[Data listing Boundary: Start]

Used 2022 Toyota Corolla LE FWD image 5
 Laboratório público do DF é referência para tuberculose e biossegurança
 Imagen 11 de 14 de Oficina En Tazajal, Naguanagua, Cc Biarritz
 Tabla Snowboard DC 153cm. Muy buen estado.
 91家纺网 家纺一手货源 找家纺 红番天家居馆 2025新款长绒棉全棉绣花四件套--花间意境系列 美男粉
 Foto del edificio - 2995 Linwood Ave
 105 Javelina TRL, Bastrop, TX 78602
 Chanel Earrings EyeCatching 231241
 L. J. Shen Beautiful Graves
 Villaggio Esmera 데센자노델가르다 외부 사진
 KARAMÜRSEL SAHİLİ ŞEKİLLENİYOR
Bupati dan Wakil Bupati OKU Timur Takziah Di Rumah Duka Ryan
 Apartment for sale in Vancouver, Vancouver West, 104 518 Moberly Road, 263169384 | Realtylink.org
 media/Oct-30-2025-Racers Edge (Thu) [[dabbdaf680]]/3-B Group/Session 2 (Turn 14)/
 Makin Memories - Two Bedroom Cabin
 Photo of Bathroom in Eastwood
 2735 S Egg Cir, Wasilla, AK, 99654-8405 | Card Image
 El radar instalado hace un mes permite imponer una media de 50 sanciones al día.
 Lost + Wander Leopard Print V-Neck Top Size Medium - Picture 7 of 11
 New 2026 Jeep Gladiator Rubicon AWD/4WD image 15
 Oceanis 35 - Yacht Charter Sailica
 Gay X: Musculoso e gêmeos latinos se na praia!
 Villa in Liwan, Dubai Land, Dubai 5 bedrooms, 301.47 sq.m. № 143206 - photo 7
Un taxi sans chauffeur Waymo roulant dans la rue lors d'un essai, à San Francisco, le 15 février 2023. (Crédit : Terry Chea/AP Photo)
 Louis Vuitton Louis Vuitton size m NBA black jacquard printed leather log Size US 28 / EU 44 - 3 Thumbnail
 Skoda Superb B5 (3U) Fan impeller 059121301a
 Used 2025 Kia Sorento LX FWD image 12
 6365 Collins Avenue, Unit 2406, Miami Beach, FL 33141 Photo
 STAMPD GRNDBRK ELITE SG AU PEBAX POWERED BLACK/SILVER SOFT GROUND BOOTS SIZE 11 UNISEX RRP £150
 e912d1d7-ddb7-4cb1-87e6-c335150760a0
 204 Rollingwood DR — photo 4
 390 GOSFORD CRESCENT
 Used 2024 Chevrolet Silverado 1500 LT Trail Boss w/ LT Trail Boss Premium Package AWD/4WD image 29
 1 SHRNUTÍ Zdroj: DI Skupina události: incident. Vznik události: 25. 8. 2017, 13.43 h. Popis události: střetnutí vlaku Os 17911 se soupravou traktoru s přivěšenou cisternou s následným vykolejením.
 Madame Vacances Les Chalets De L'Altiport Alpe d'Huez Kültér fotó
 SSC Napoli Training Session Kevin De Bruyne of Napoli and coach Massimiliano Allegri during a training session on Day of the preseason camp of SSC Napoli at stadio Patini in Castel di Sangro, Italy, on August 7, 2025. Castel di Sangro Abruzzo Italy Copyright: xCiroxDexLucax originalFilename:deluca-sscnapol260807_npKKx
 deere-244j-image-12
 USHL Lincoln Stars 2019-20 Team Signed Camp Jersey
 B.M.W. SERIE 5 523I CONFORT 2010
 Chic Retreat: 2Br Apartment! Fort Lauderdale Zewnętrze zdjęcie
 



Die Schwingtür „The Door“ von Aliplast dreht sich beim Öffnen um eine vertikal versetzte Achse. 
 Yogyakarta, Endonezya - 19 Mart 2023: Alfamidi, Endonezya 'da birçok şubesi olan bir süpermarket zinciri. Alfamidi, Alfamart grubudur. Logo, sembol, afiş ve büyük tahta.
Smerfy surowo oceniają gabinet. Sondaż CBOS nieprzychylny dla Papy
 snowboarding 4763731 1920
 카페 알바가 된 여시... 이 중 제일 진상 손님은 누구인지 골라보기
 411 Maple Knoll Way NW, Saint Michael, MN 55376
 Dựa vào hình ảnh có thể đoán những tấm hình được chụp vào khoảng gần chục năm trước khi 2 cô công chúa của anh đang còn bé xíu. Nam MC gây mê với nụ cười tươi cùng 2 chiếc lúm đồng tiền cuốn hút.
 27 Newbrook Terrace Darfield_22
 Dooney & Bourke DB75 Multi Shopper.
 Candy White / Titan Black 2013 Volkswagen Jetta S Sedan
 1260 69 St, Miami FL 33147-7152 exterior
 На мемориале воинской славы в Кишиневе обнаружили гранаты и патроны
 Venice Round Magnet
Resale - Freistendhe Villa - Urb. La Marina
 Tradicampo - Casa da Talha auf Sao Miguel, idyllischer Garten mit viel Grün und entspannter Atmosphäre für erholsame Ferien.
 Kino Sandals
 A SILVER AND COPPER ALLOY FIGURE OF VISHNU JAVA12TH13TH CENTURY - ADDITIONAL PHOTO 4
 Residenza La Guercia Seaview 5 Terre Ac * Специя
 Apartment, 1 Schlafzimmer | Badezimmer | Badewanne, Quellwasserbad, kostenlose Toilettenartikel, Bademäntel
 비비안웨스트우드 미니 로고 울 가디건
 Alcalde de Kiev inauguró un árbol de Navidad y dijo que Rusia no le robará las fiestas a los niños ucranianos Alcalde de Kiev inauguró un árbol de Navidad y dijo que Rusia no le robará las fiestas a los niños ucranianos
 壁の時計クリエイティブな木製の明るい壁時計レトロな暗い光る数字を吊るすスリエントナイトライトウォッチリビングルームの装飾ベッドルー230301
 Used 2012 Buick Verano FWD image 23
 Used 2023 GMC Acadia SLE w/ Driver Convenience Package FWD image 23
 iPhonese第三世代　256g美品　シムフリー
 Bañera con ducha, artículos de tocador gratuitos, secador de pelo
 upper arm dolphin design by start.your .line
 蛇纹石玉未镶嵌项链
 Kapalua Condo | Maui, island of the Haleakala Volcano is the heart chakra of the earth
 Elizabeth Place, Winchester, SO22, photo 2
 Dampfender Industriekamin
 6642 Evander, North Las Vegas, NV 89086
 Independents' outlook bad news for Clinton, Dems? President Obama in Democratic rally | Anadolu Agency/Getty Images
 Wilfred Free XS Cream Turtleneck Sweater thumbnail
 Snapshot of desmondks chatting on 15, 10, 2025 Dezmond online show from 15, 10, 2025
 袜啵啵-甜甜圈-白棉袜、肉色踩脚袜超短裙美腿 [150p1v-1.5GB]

[Data listing Boundary: End]

Action item
Generate an exact reproduction of all entries.

Completed task
Used 2022 Toyota Corolla LE FWD image 5
 Laboratório público do DF é referência para tuberculose e biossegurança
 Imagen 11 de 14 de Oficina En Tazajal, Naguanagua, Cc Biarritz
 Tabla Snowboard DC 153cm. Muy buen estado.
 91家纺网 家纺一手货源 找家纺 红番天家居馆 2025新款长绒棉全棉绣花四件套--花间意境系列 美男粉
 Foto del edificio - 2995 Linwood Ave
 105 Javelina TRL, Bastrop, TX 78602
 Chanel Earrings EyeCatching 231241
 L. J. Shen Beautiful Graves
 Villaggio Esmera 데센자노델가르다 외부 사진
 KARAMÜRSEL SAHİLİ ŞEKİLLENİYOR
Bupati dan Wakil Bupati OKU Timur Takziah Di Rumah Duka Ryan
 Apartment for sale in Vancouver, Vancouver West, 104 518 Moberly Road, 263169384 | Realtylink.org
 media/Oct-30-2025-Racers Edge (Thu) [[dabbdaf680]]/3-B Group/Session 2 (Turn 14)/
 Makin Memories - Two Bedroom Cabin
 Photo of Bathroom in Eastwood
 2735 S Egg Cir, Wasilla, AK, 99654-8405 | Card Image
 El radar instalado hace un mes permite imponer una media de 50 sanciones al día.
 Lost + Wander Leopard Print V-Neck Top Size Medium - Picture 7 of 11
 New 2026 Jeep Gladiator Rubicon AWD/4WD image 15
 Oceanis 35 - Yacht Charter Sailica
 Gay X: Musculoso e gêmeos latinos se na praia!
 Villa in Liwan, Dubai Land, Dubai 5 bedrooms, 301.47 sq.m. № 143206 - photo 7
Un taxi sans chauffeur Waymo roulant dans la rue lors d'un essai, à San Francisco, le 15 février 2023. (Crédit : Terry Chea/AP Photo)
 Louis Vuitton Louis Vuitton size m NBA black jacquard printed leather log Size US 28 / EU 44 - 3 Thumbnail
 Skoda Superb B5 (3U) Fan impeller 059121301a
 Used 2025 Kia Sorento LX FWD image 12
 6365 Collins Avenue, Unit 2406, Miami Beach, FL 33141 Photo
 STAMPD GRNDBRK ELITE SG AU PEBAX POWERED BLACK/SILVER SOFT GROUND BOOTS SIZE 11 UNISEX RRP £150
 e912d1d7-ddb7-4cb1-87e6-c335150760a0
 204 Rollingwood DR — photo 4
 390 GOSFORD CRESCENT
 Used 2024 Chevrolet Silverado 1500 LT Trail Boss w/ LT Trail Boss Premium Package AWD/4WD image 29
 1 SHRNUTÍ Zdroj: DI Skupina události: incident. Vznik události: 25. 8. 2017, 13.43 h. Popis události: střetnutí vlaku Os 17911 se soupravou traktoru s přivěšenou cisternou s následným vykolejením.
 Madame Vacances Les Chalets De L'Altiport Alpe d'Huez Kültér fotó
 SSC Napoli Training Session Kevin De Bruyne of Napoli and coach Massimiliano Allegri during a training session on Day of the preseason camp of SSC Napoli at stadio Patini in Castel di Sangro, Italy, on August 7, 2025. Castel di Sangro Abruzzo Italy Copyright: xCiroxDexLucax originalFilename:deluca-sscnapol260807_npKKx
 deere-244j-image-12
 USHL Lincoln Stars 2019-20 Team Signed Camp Jersey
 B.M.W. SERIE 5 523I CONFORT 2010
 Chic Retreat: 2Br Apartment! Fort Lauderdale Zewnętrze zdjęcie
 



Die Schwingtür „The Door“ von Aliplast dreht sich beim Öffnen um eine vertikal versetzte Achse. 
 Yogyakarta, Endonezya - 19 Mart 2023: Alfamidi, Endonezya 'da birçok şubesi olan bir süpermarket zinciri. Alfamidi, Alfamart grubudur. Logo, sembol, afiş ve büyük tahta.
Smerfy surowo oceniają gabinet. Sondaż CBOS nieprzychylny dla Papy
 snowboarding 4763731 1920
 카페 알바가 된 여시... 이 중 제일 진상 손님은 누구인지 골라보기
 411 Maple Knoll Way NW, Saint Michael, MN 55376
 Dựa vào hình ảnh có thể đoán những tấm hình được chụp vào khoảng gần chục năm trước khi 2 cô công chúa của anh đang còn bé xíu. Nam MC gây mê với nụ cười tươi cùng 2 chiếc lúm đồng tiền cuốn hút.
 27 Newbrook Terrace Darfield_22
 Dooney & Bourke DB75 Multi Shopper.
 Candy White / Titan Black 2013 Volkswagen Jetta S Sedan
 1260 69 St, Miami FL 33147-7152 exterior
 На мемориале воинской славы в Кишиневе обнаружили гранаты и патроны
 Venice Round Magnet
Resale - Freistendhe Villa - Urb. La Marina
 Tradicampo - Casa da Talha auf Sao Miguel, idyllischer Garten mit viel Grün und entspannter Atmosphäre für erholsame Ferien.
 Kino Sandals
 A SILVER AND COPPER ALLOY FIGURE OF VISHNU JAVA12TH13TH CENTURY - ADDITIONAL PHOTO 4
 Residenza La Guercia Seaview 5 Terre Ac * Специя
 Apartment, 1 Schlafzimmer | Badezimmer | Badewanne, Quellwasserbad, kostenlose Toilettenartikel, Bademäntel
 비비안웨스트우드 미니 로고 울 가디건
 Alcalde de Kiev inauguró un árbol de Navidad y dijo que Rusia no le robará las fiestas a los niños ucranianos Alcalde de Kiev inauguró un árbol de Navidad y dijo que Rusia no le robará las fiestas a los niños ucranianos
 壁の時計クリエイティブな木製の明るい壁時計レトロな暗い光る数字を吊るすスリエントナイトライトウォッチリビングルームの装飾ベッドルー230301
 Used 2012 Buick Verano FWD image 23
 Used 2023 GMC Acadia SLE w/ Driver Convenience Package FWD image 23
 iPhonese第三世代　256g美品　シムフリー
 Bañera con ducha, artículos de tocador gratuitos, secador de pelo
 upper arm dolphin design by start.your .line
 蛇纹石玉未镶嵌项链
 Kapalua Condo | Maui, island of the Haleakala Volcano is the heart chakra of the earth
 Elizabeth Place, Winchester, SO22, photo 2
 Dampfender Industriekamin
 6642 Evander, North Las Vegas, NV 89086
 Independents' outlook bad news for Clinton, Dems? President Obama in Democratic rally | Anadolu Agency/Getty Images
 Wilfred Free XS Cream Turtleneck Sweater thumbnail
 Snapshot of desmondks chatting on 15, 10, 2025 Dezmond online show from 15, 10, 2025
 袜啵啵-甜甜圈-白棉袜、肉色踩脚袜超短裙美腿 [150p1v-1.5GB]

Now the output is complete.